By contrast, in Jindal, the court held that “fixing the price of labor, or wage fixing, is a form of price fixing and thus illegal per se,”18 leaving little or no room for defendants facing wage-fixing charges to argue that certain wage-fixing agreements should not be subjected to per se treatment.
DOJ Is Likely to Continue Using Antitrust Prosecutions to Police Labor Markets
As we noted in December, the DOJ is aggressively pursuing wage-fixing and no-poach prosecutions. Beyond the rulings in Jindal and DaVita, motions to dismiss making similar arguments are pending in United States v. Surgical Care Affiliates, LLC and SCAI Holdings, LLC and United States v. Hee (a wage-fixing and no-poach case). Moreover, two new indictments — one against executives and managers of Pratt & Whitney and various suppliers alleging a no-poach conspiracy in United States v. Patel,19 and the other against four managers of home health care agencies alleging a wage-fixing and no-poach conspiracy in United States v. Manahe20 — are beginning to make their way toward trial. We should expect to see similar motions filed in those cases, given that these issues remain ones of first impression in those courts. Although the motions in those cases are likely to yield similar outcomes, as the DaVita decision’s warning to DOJ on proof of market allocation makes clear, the analytical paths these courts take toward their rulings may differ, and could offer nuanced differences that help guide the defendants’ trial defenses.

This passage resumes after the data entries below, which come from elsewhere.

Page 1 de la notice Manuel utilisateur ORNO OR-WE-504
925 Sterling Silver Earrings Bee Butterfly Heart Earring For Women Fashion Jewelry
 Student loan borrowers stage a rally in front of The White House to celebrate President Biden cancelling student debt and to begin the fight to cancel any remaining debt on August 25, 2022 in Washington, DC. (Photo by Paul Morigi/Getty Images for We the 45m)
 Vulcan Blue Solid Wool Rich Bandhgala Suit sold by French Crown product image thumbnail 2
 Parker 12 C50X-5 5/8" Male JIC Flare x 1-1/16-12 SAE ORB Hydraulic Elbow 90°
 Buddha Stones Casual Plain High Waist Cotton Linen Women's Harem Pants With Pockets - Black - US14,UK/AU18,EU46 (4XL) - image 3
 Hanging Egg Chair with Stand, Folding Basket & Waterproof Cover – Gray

Finally, the slowly forming consensus among courts that no-poach and wage-fixing agreements are per se offenses subject to criminal prosecution further underscores the importance of companies having effective compliance that involves legal, human resources, and executives at the highest level, promptly and thoroughly investigating allegations of no-poach/wage-fixing agreements when they arise, and considering availment of the Antitrust Division’s Leniency Program, where appropriate.
We will continue to monitor developments in these cases and in no-poach/wage-fixing enforcement efforts more broadly.
Endnotes
1 1:21-cr-00229, 2022 WL 266759 (D. Colo. Jan. 28, 2022).
2 Indictment, United States v. Surgical Care Affiliates, LLC and SCAI Holdings, LLC, No. 3:21-cr-00011 (N.D. Tex. Jan. 5, 2021).
3 DaVita, 2022 WL 266759, at *2.
4 968 F. Supp. 2d 1030 (N.D. Cal. 2013).
5 DaVita, 2022 WL 266759, at *4.
6 Id. at *3.
7 Id.
8 Id. at *4.
9 Id. at *5.
10 Id.
11 845 F.2d 1367 (6th Cir. 1988).
12 DaVita, 2022 WL 266759, at *7.
13 Id. at *15.
14 Id. at *8.
15 Id. at *9.
16 Id. at *8.
17 See, e.g., Bogan v. Hodgkins, 166 F.3d 509, 515 (2d. Cir. 1999) (holding that a no-hire agreement, as alleged, was not a per se violation because there was no geographic or market allocation).
18 Jindal, 2021 WL 5578687, at *5 (cleaned up).
19 3:21-mj-01189 (D. Conn., filed Dec. 7, 2021).
20 2:22-cr-00013 (D. Me., filed Jan. 27, 2022).